Here is a sampling that preserves Pearcey’s added ellipses and italics:
Powerful logical or metaphysical reasons for supposing we can’t have strong free will keep coming up against equally powerful psychological reasons why we can’t help believing that we do have it. . . . It seems that we cannot live or experiences our choices as determined even if determinism is true. (Galen Strawson)
No matter that the physical world provides no room for freedom of will; that concept is essential to our models of the mental realm. . . . [We cannot] ever give it up. We’re virtually forced to maintain that belief, even though we know it’s false. (Marvin Minsky)
At an important and ineradicable level, the idea of my daughter as merely a complex robot carrying my genes into the next generation is both bizarre and repugnant to me. . . . [Such a reductionistic view] inspires in us a kind of emotional resistance and even revulsion. (Edward Slingerland)
Borrowing a phrase from Kant, Pearcey explains that materialists are forced to act as if free will, and thus moral responsibility and accountability, are true, even if their system cannot support such an assertion. If fact, she catches Albert Einstein himself making just such an admission: “I am compelled to act as if free will existed because if I want to live in a civilized society I must act responsibly.”
And that leads to her fifth and final principle for unmasking atheism, secularism, and other God substitutes: a splendid coup d’état in which she turns the tables on the idolaters of matter. If those who ascribe to materialism want to live lives of meaning and purpose, they not only have to act as if free will (and consciousness and rationality and intrinsic worth) were true; they have to, quite literally, “free-load” on the back of Christianity. Secularists, Pearcey explains, “borrow ideals like equality and rights from a biblical worldview but cut them off from their source in the Creator.”

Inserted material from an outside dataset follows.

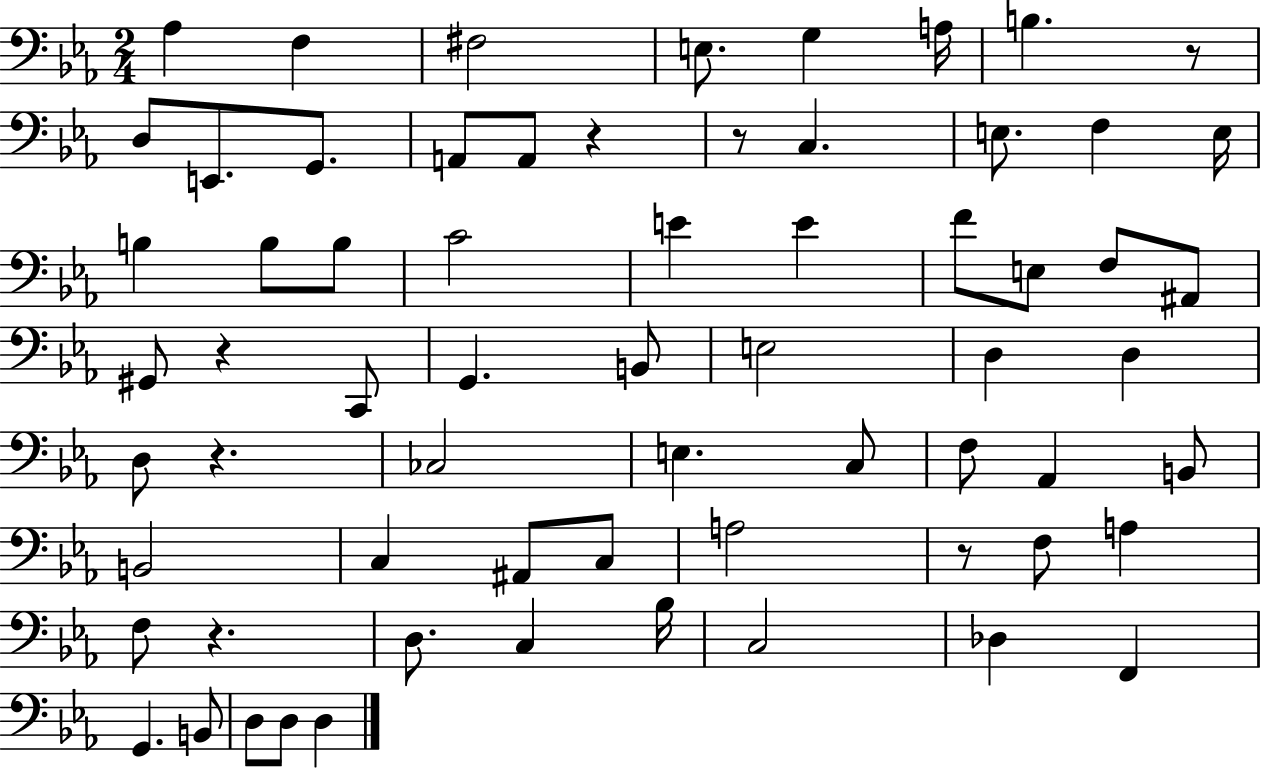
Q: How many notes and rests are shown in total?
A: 66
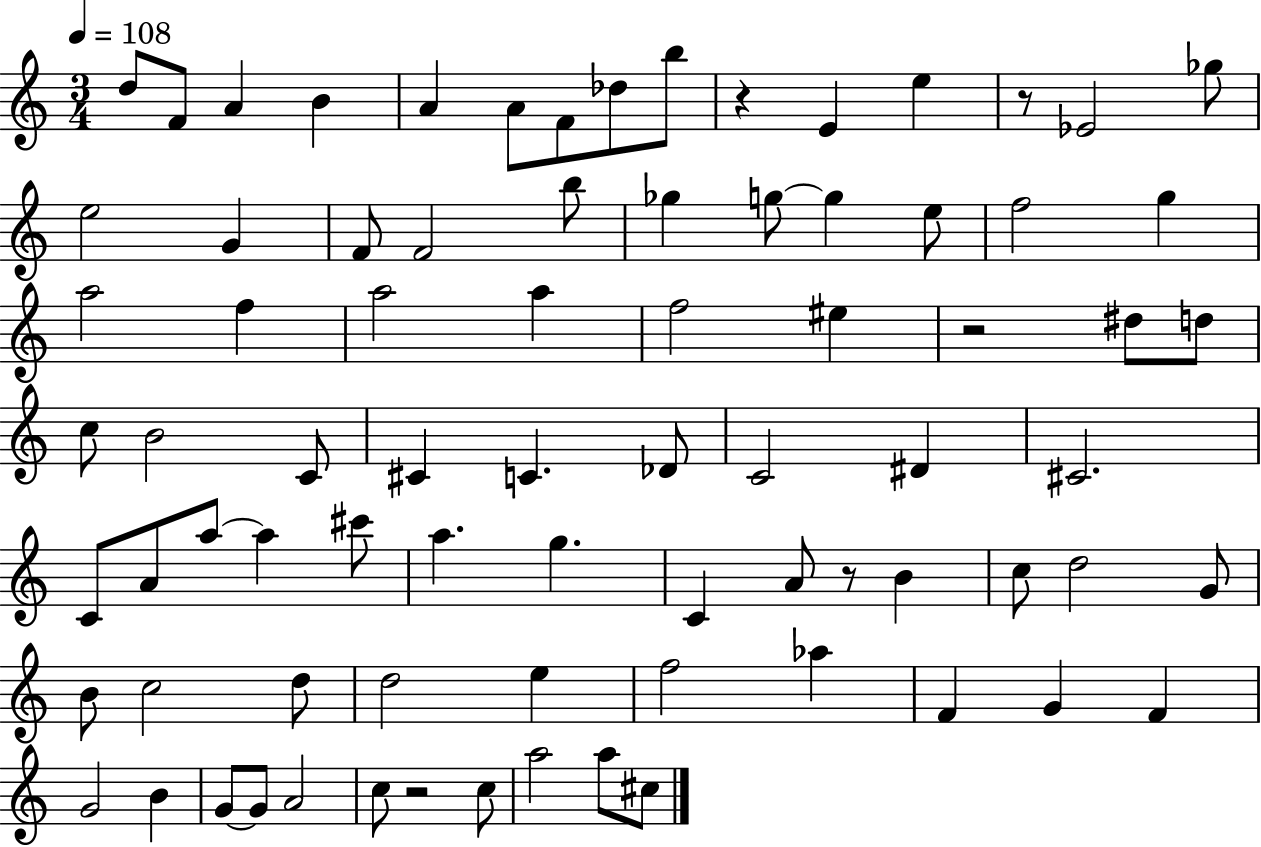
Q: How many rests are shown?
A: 5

Many, if not most, of the modernist and postmodernist worldviews prevalent today define themselves against Christianity, and yet, in a paradox worthy of Chesterton, they end up existing parasitically on the very faith they reject. For, apart from an active, all-loving, all-powerful Creator who made us in his image and endowed us with purpose, our substitute idols can only lead us, in the end, into the isolated, sunless cell of the madman.